Copy out each line below verbatim, skipping any picture.

Data for this exercise:
★ ★ ★ ★
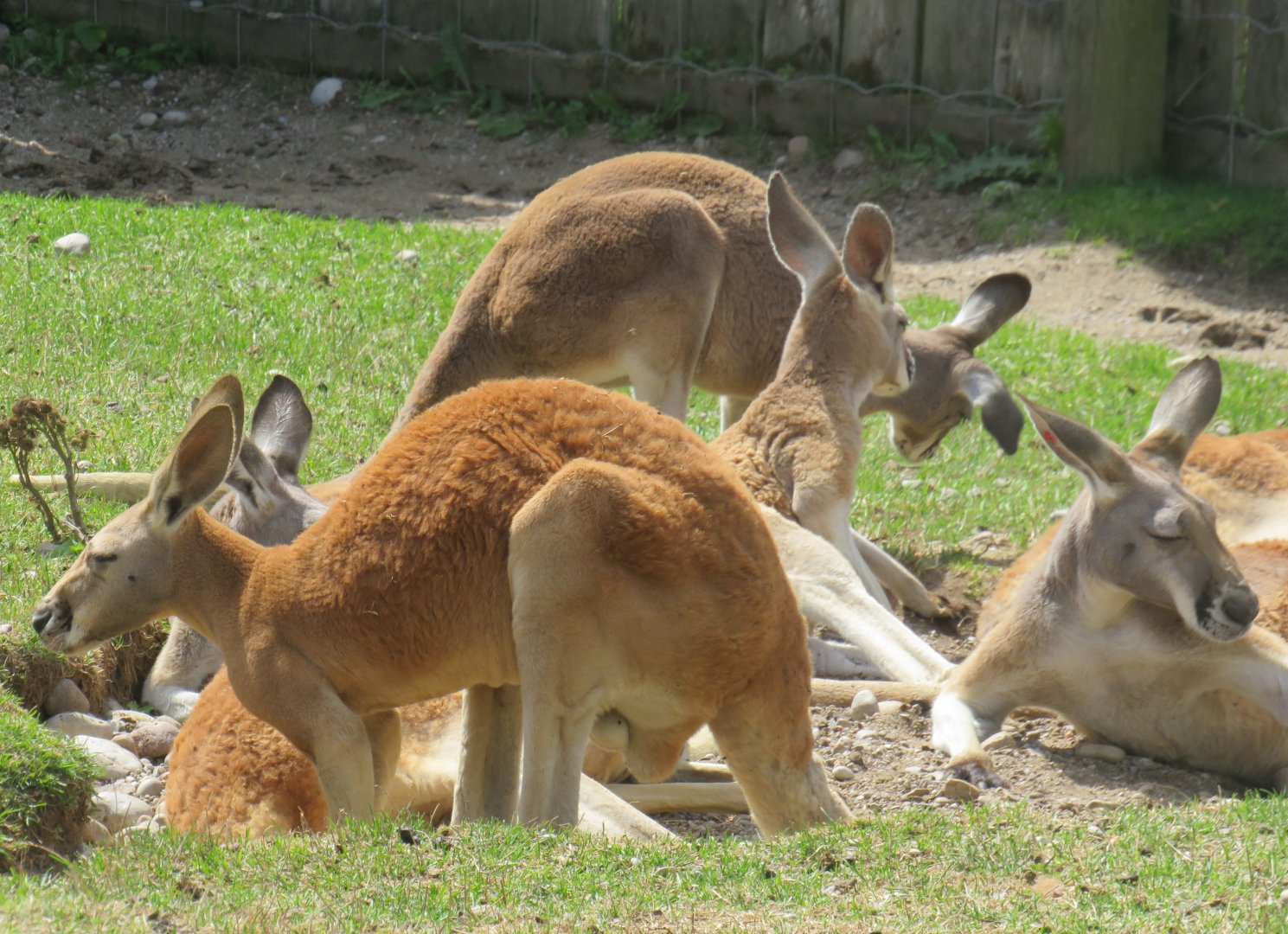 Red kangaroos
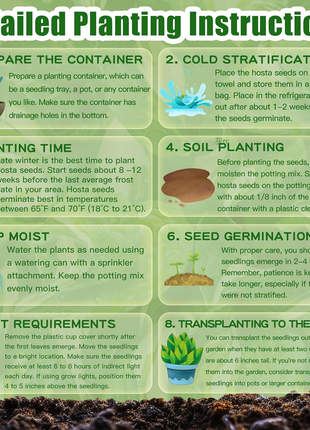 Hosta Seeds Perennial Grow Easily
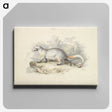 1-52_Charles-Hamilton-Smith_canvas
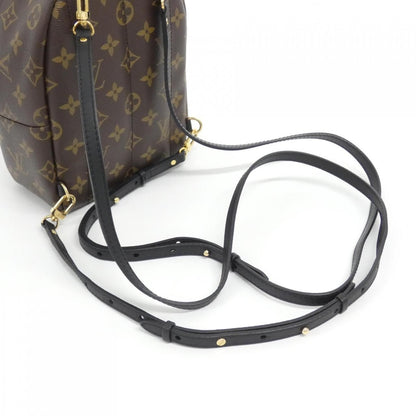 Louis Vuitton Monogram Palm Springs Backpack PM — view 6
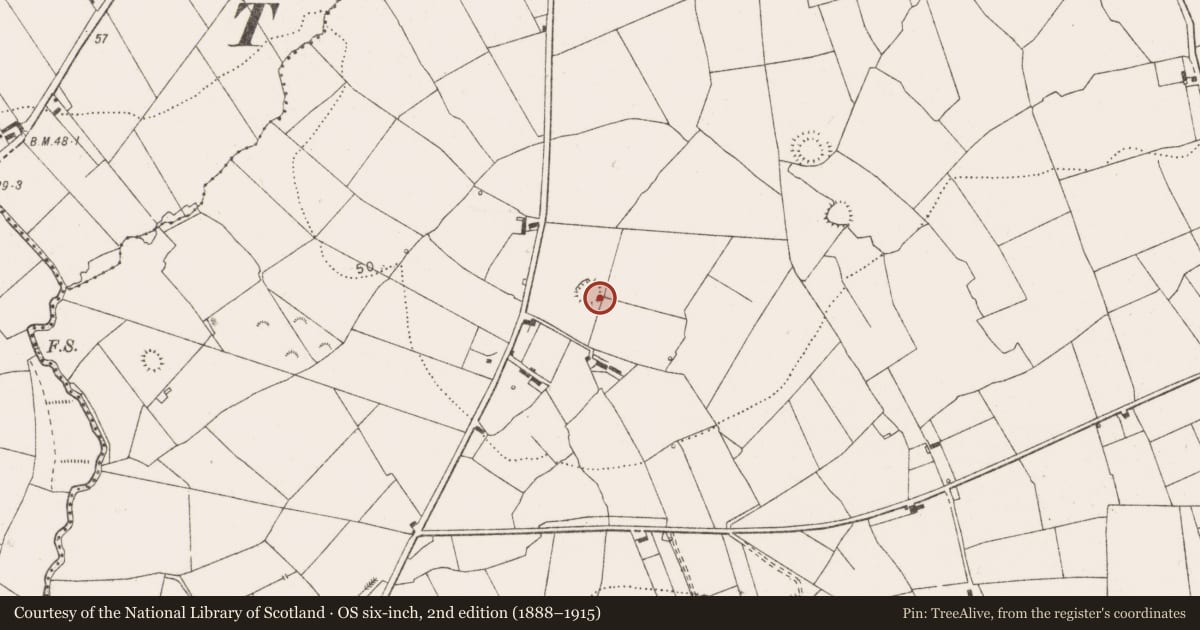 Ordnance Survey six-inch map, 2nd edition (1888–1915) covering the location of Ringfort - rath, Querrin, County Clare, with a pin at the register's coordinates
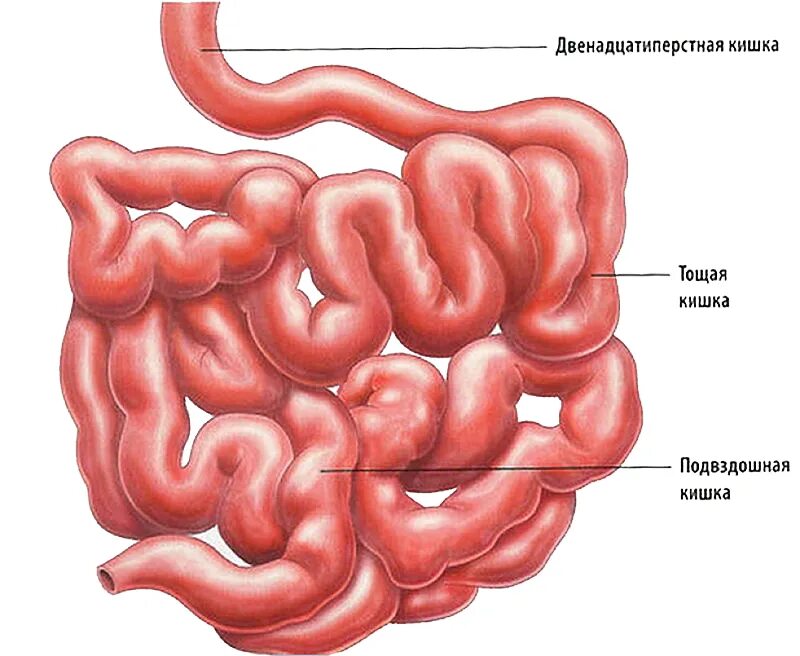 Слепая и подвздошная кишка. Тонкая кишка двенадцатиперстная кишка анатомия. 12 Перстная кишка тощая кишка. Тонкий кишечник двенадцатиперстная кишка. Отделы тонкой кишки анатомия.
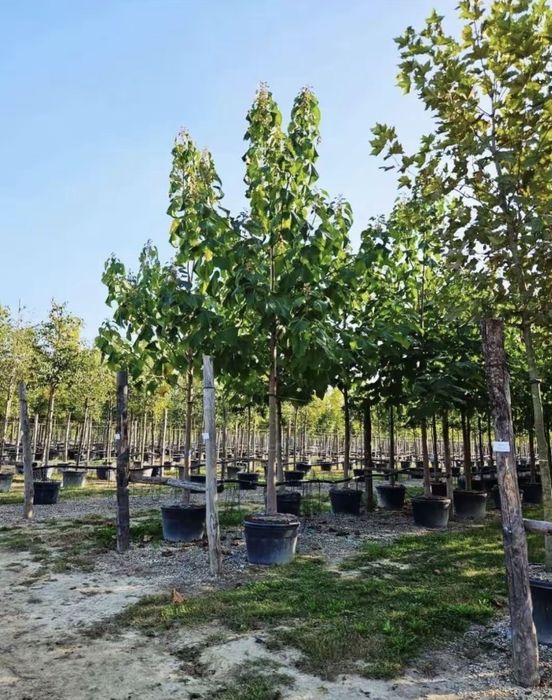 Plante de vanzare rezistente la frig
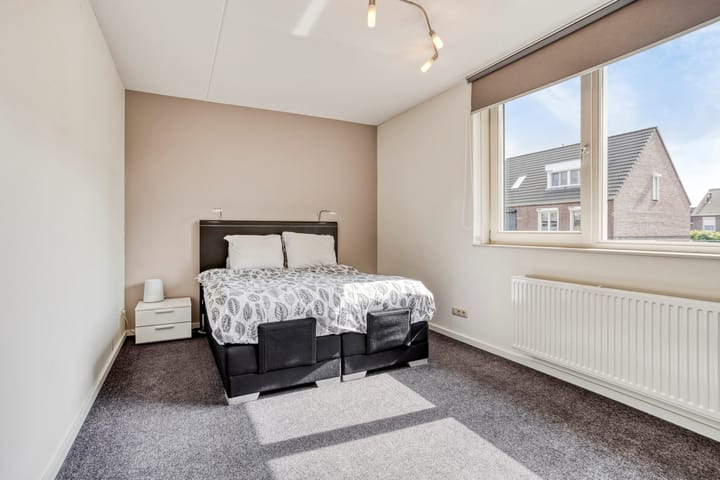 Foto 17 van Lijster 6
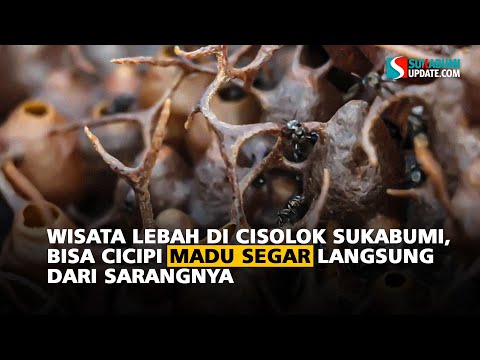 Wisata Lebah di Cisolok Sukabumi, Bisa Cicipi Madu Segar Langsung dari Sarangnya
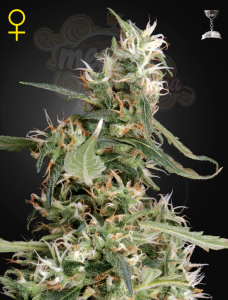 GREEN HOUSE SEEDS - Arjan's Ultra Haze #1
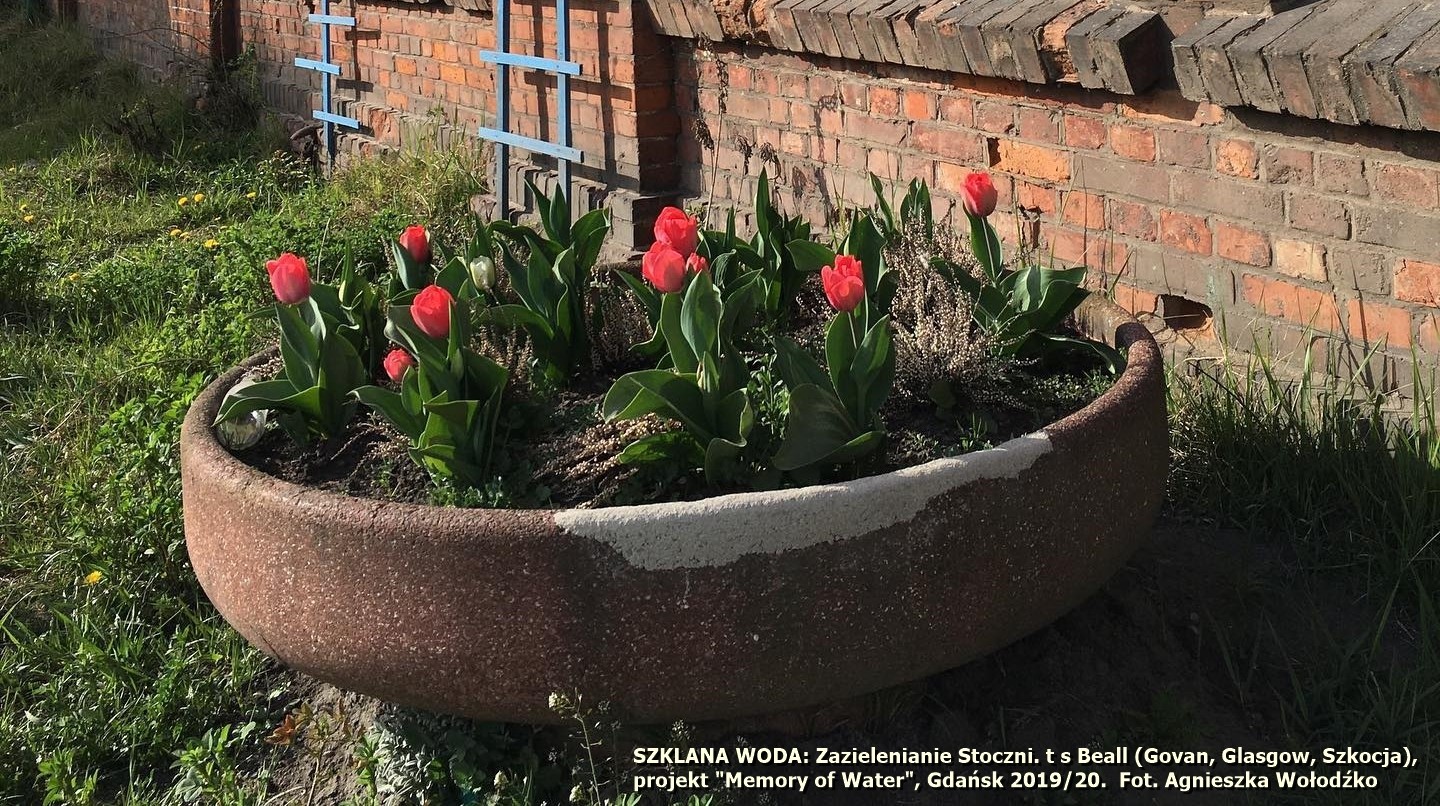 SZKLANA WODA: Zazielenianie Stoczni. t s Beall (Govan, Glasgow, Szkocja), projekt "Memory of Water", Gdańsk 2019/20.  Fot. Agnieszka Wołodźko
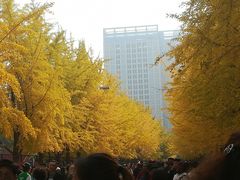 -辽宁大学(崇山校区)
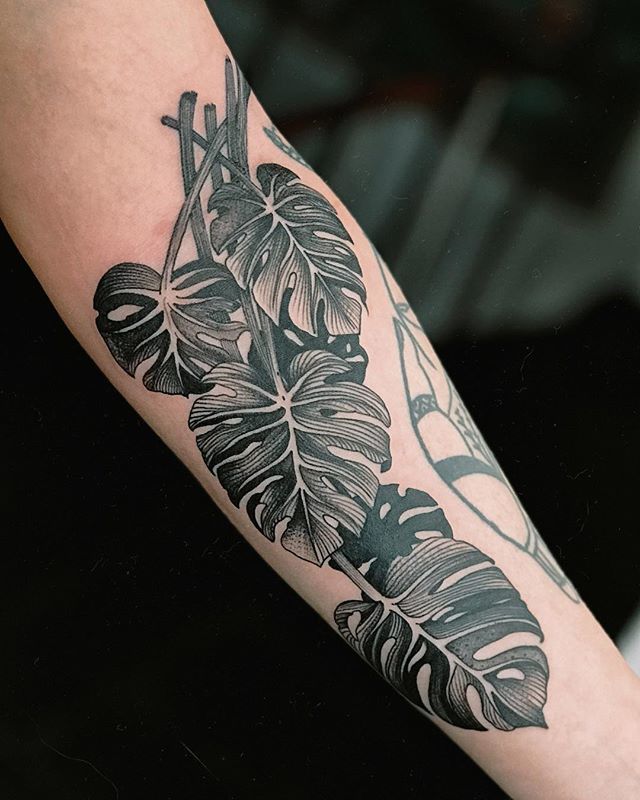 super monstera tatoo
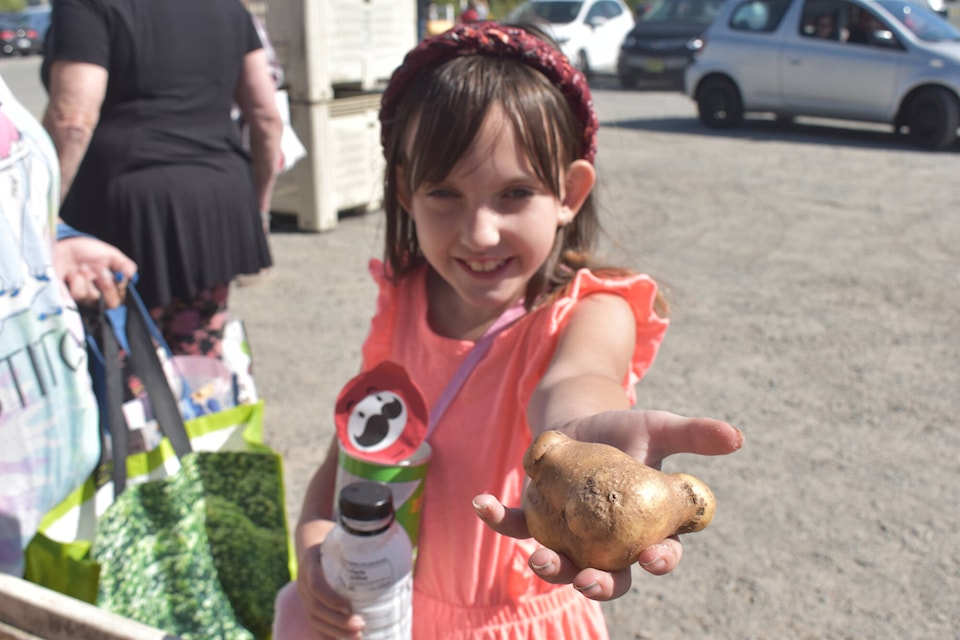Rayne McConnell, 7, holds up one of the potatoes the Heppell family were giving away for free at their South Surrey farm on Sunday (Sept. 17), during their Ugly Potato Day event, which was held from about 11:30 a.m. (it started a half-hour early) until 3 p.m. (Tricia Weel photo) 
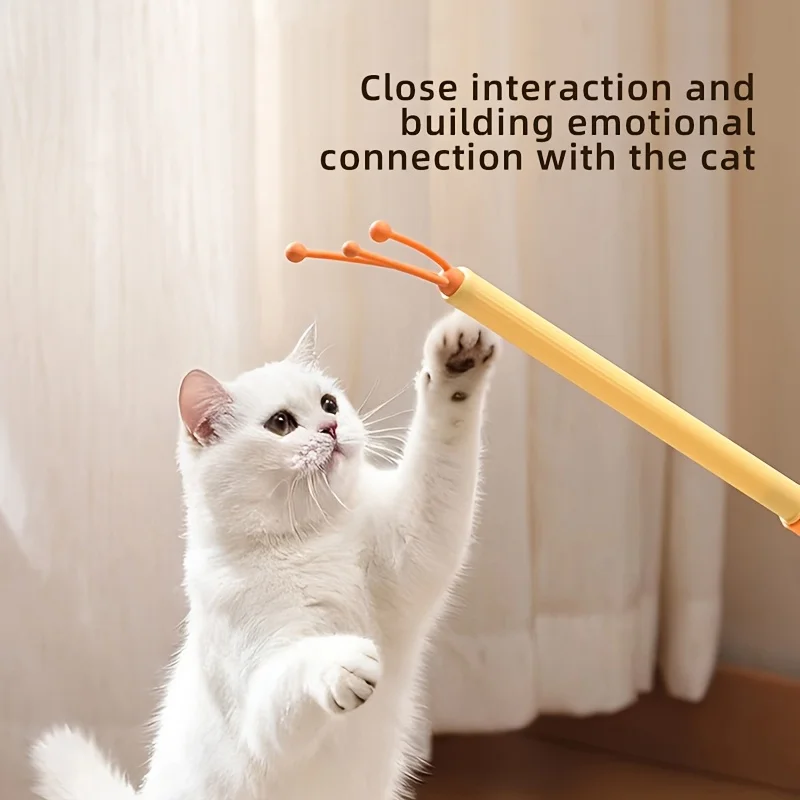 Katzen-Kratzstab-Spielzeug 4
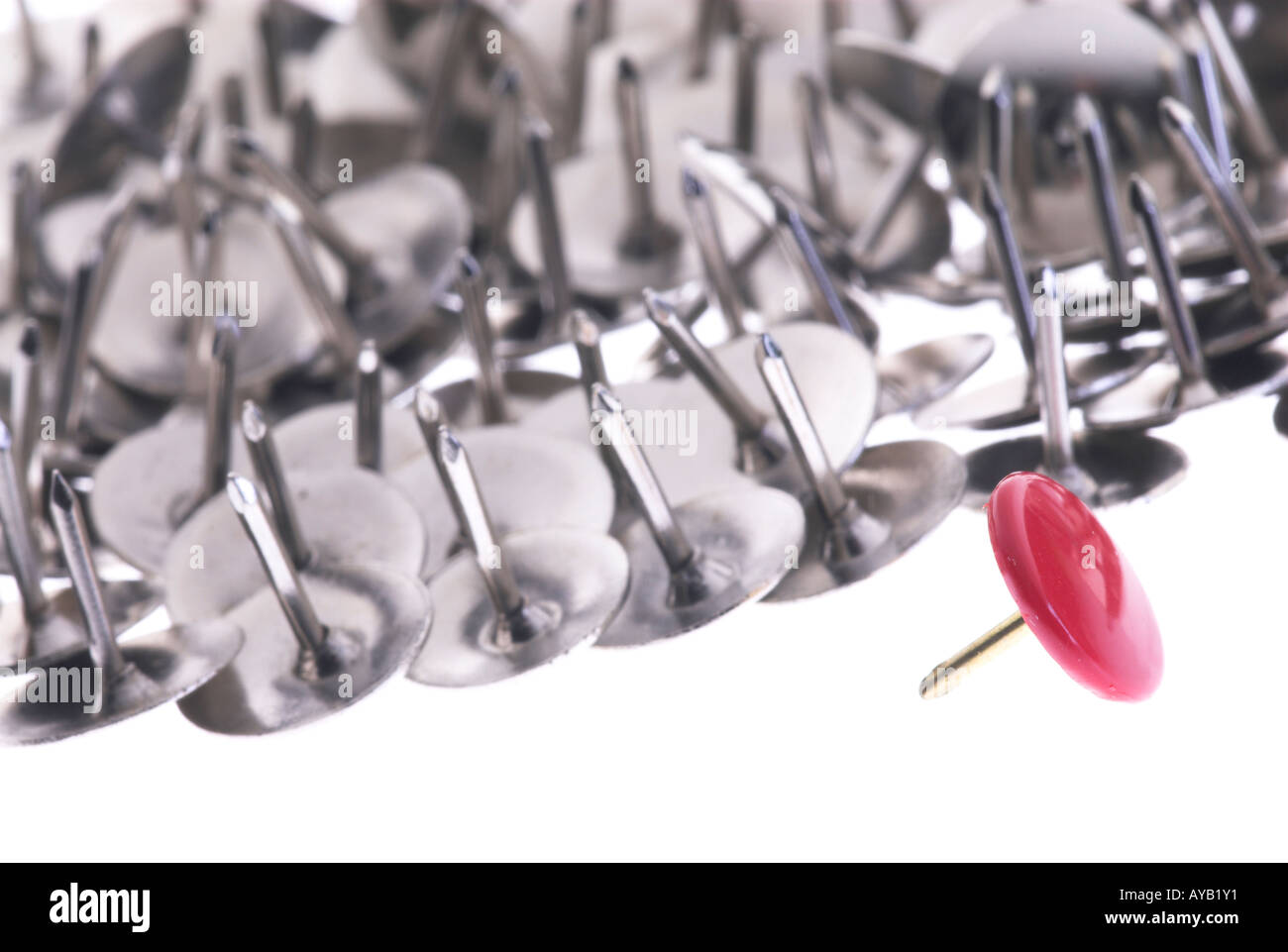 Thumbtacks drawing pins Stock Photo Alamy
★ ★ ★ ★
Solved problem:
 Red kangaroos
 Hosta Seeds Perennial Grow Easily
 1-52_Charles-Hamilton-Smith_canvas
 Louis Vuitton Monogram Palm Springs Backpack PM — view 6
 Ordnance Survey six-inch map, 2nd edition (1888–1915) covering the location of Ringfort - rath, Querrin, County Clare, with a pin at the register's coordinates
 Слепая и подвздошная кишка. Тонкая кишка двенадцатиперстная кишка анатомия. 12 Перстная кишка тощая кишка. Тонкий кишечник двенадцатиперстная кишка. Отделы тонкой кишки анатомия.
 Plante de vanzare rezistente la frig
 Foto 17 van Lijster 6
 Wisata Lebah di Cisolok Sukabumi, Bisa Cicipi Madu Segar Langsung dari Sarangnya
 GREEN HOUSE SEEDS - Arjan's Ultra Haze #1
 SZKLANA WODA: Zazielenianie Stoczni. t s Beall (Govan, Glasgow, Szkocja), projekt "Memory of Water", Gdańsk 2019/20.  Fot. Agnieszka Wołodźko
 -辽宁大学(崇山校区)
 super monstera tatoo
Rayne McConnell, 7, holds up one of the potatoes the Heppell family were giving away for free at their South Surrey farm on Sunday (Sept. 17), during their Ugly Potato Day event, which was held from about 11:30 a.m. (it started a half-hour early) until 3 p.m. (Tricia Weel photo) 
 Katzen-Kratzstab-Spielzeug 4
 Thumbtacks drawing pins Stock Photo Alamy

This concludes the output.